The sixth submarine hunter aircraft due to arrive at RAF Lossiemouth has been christened Guernsey’s Reply to honour a Second World War pilot.
The P-8 Poseidon plane is currently undergoing final checks in the US and is due to arrive in the north-east in September to join the five already in operation.
The aircraft will be the first to join the reformed 201 Squadron, which was disbanded 10 years ago and has a historic link with the Channel island, alongside 120 Squadron, which already operates Poseidons on the Moray coast.

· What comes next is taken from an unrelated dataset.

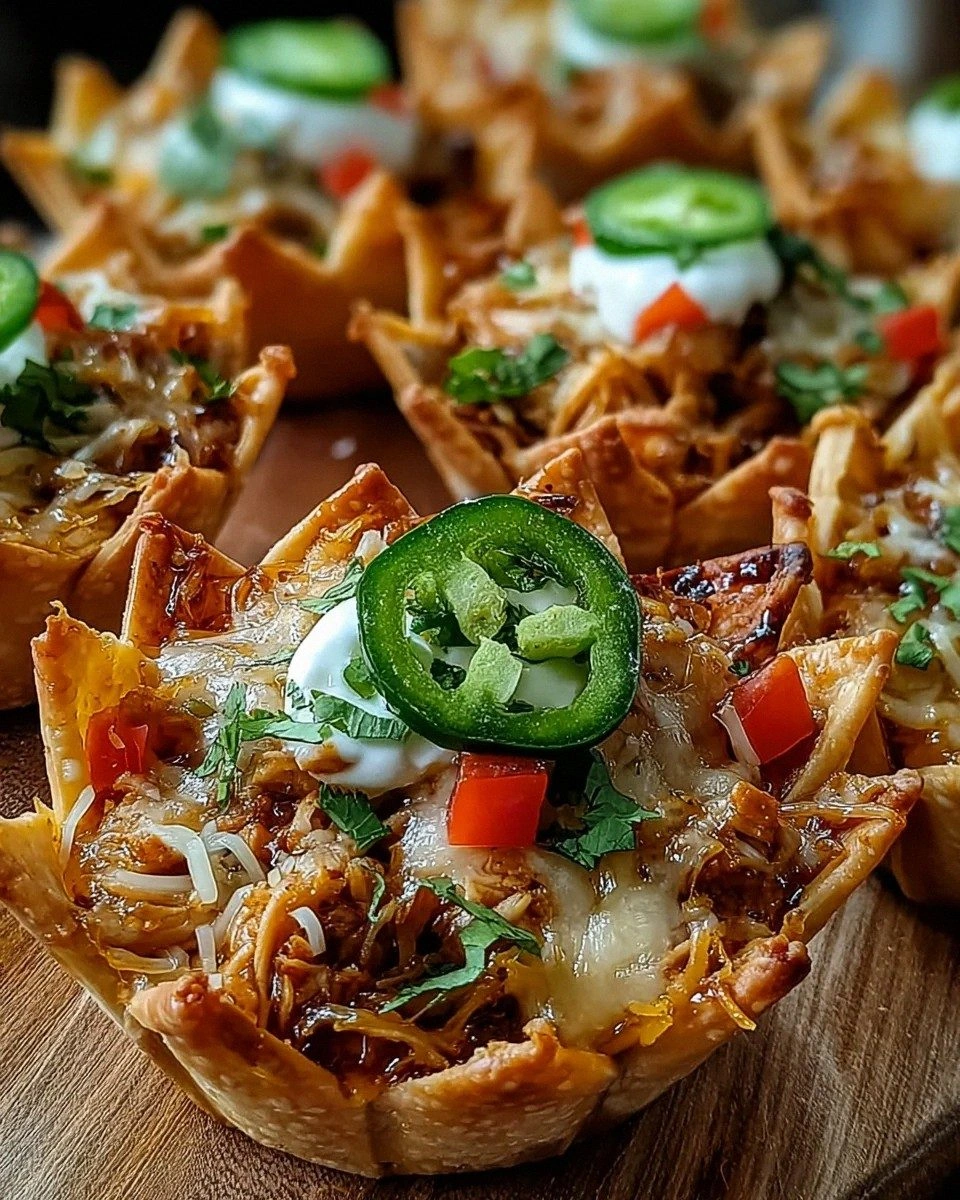 Mini Chicken Fajita Wonton Cups: A Flavorful Treat!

Close connection between new RAF Lossiemouth squadron and Guernsey
During the Second World War, pilot Herbie Machon first saw action in Orkney by flying high above Scapa Flow to spot enemy aircraft trying to photograph the home fleet.
When Germany attacked England with flying bombs and rockets he headed south and led a flight of four Spitfires in dive-bombing attacks in the Netherlands, christening his plane Guernsey’s Reply.

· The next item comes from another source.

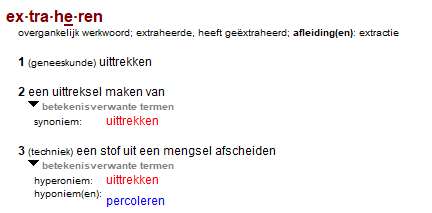 Natuurkunde.nl Wat is extraheren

The link between 201 Squadron and the island has continued ever since with personnel acting as pall bearers at his funeral in 2004.
Wing Commander Adam Smolak, officer commanding 201 Squadron, said: “It is befitting of this long and proud association that one of the UK’s new Poseidon aircraft bears the name Guernsey’s Reply.
“201 Squadron will stand up this summer and I am looking forward to retrieving the standard from Guernsey where it was held for safe keeping in the hope that the Squadron would return, and the affiliation could continue.
“It is an honour to bring the squadron back to maritime operations.
“The coming years will be challenging and exciting in equal measure and it is vital that as we move forward, we retain this historic link.”
Despite his extensive war service, the only injury Herbie ever received was cracked ribs, which were suffered on a training flight over the North Sea when his Spitfire was struck by an inexperienced pilot.
Guernsey’s Reply will join Pride of Moray, City of Elgin, Terence Bulloch, who was another Second World War pilot, Spirit of Reykjavik and Fulmar at RAF Lossiemouth.